:: Your assignment ::
All entries are to be copied exactly, with pictures removed.

━━━━━ Exercise input ━━━━━

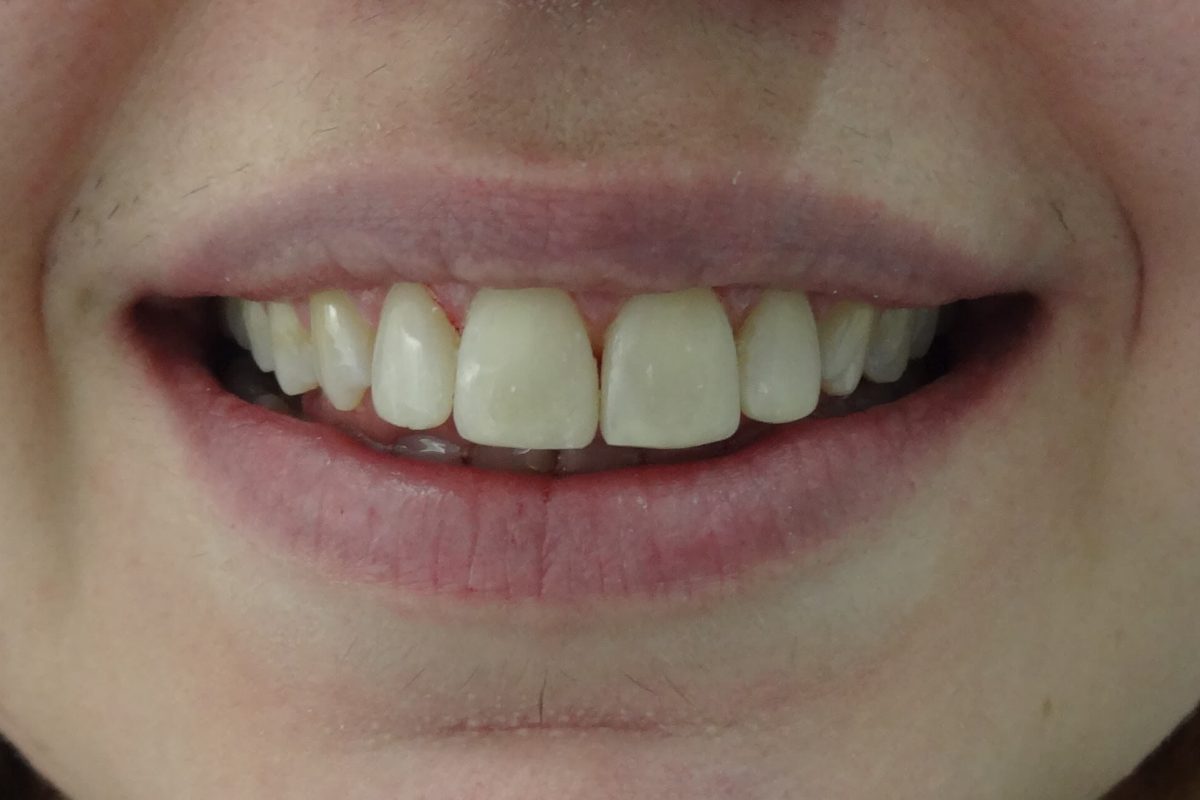 Όψεις Ρητίνης-Bonding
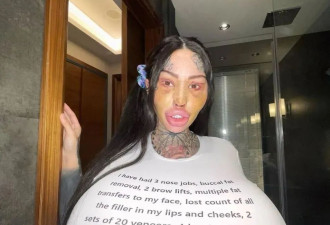 把胸隆炸的网红猝逝！网疑自杀 死前已成外星人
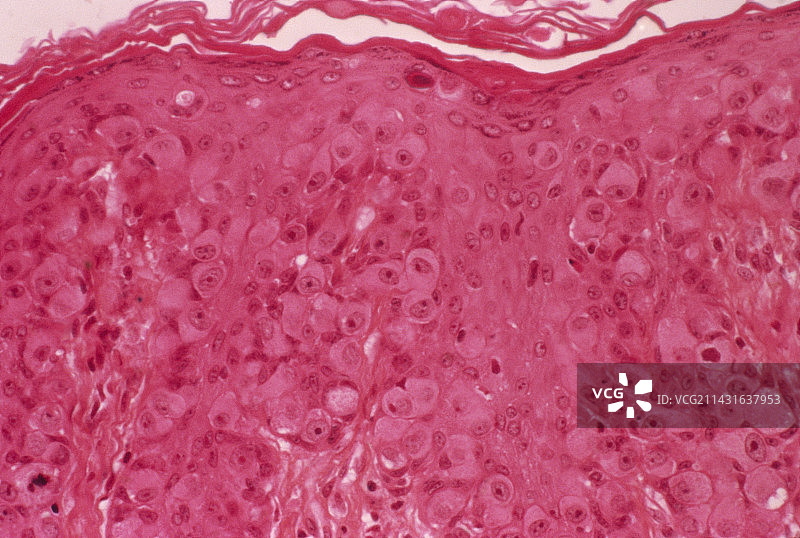 佩吉特乳腺病图片素材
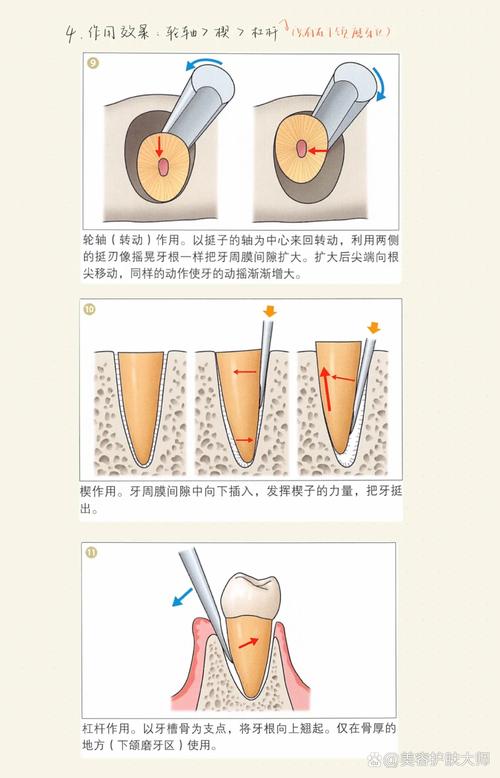 儿童自己在家拔牙如何才能做到真正不痛且安全？-第3张图片-郑州医学网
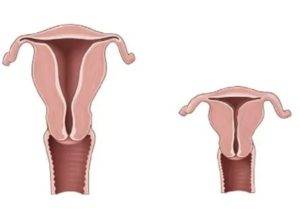 Гипоплазия матки: 1 и 2 степени, симптомы, признаки, лечение – можно ли забеременеть с маточной гипоплазией — медицинский женский центр в москве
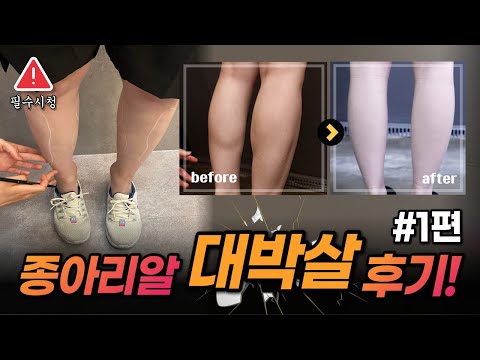 [하비들 주목] 종아리 진짜로 얇아질 수 있어요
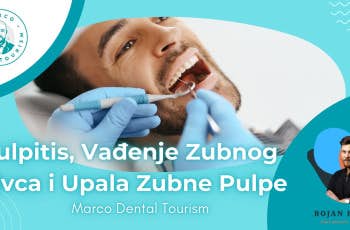Šta je Pulpitis marco dental tourism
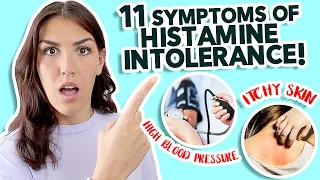 Histamine Intolerance SYMPTOMS (Watch Out for #3!)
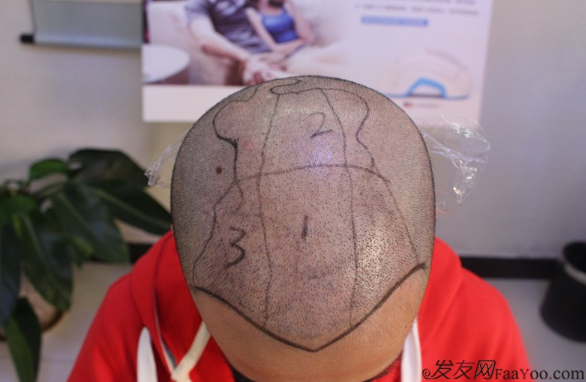 5級脫發(fā)大麥微針植發(fā)經(jīng)歷，三年時間兩次手術(shù)6800單位追求完美效果
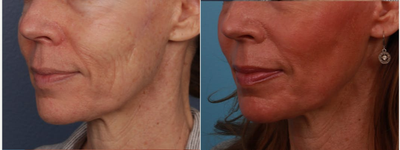 CO2 Laser before and after photo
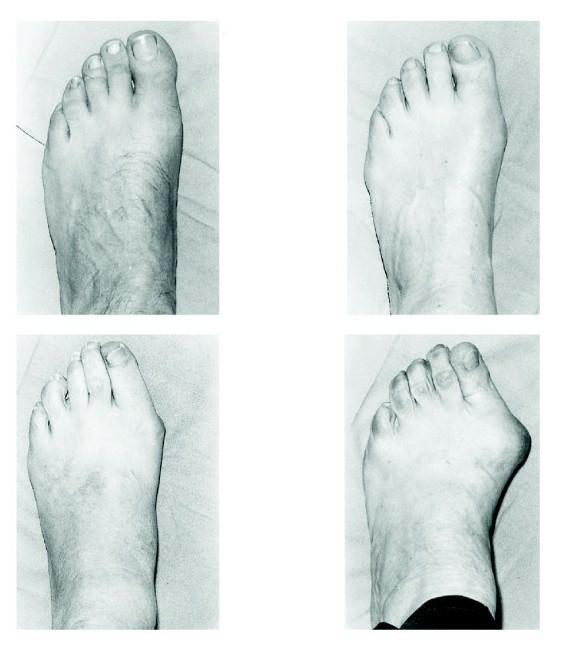 大脚拐,大脚趾内侧疼痛,要警惕:拇(趾)外翻,拇囊炎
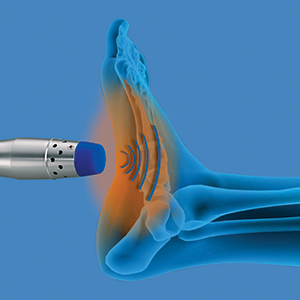enPuls - Radial Shockwave Therapy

━━━━━

:: Finished exercise ::
 Όψεις Ρητίνης-Bonding
 把胸隆炸的网红猝逝！网疑自杀 死前已成外星人
 佩吉特乳腺病图片素材
 儿童自己在家拔牙如何才能做到真正不痛且安全？-第3张图片-郑州医学网
 Гипоплазия матки: 1 и 2 степени, симптомы, признаки, лечение – можно ли забеременеть с маточной гипоплазией — медицинский женский центр в москве
 [하비들 주목] 종아리 진짜로 얇아질 수 있어요
Šta je Pulpitis marco dental tourism
 Histamine Intolerance SYMPTOMS (Watch Out for #3!)
 5級脫發(fā)大麥微針植發(fā)經(jīng)歷，三年時間兩次手術(shù)6800單位追求完美效果
 CO2 Laser before and after photo
 大脚拐,大脚趾内侧疼痛,要警惕:拇(趾)外翻,拇囊炎
enPuls - Radial Shockwave Therapy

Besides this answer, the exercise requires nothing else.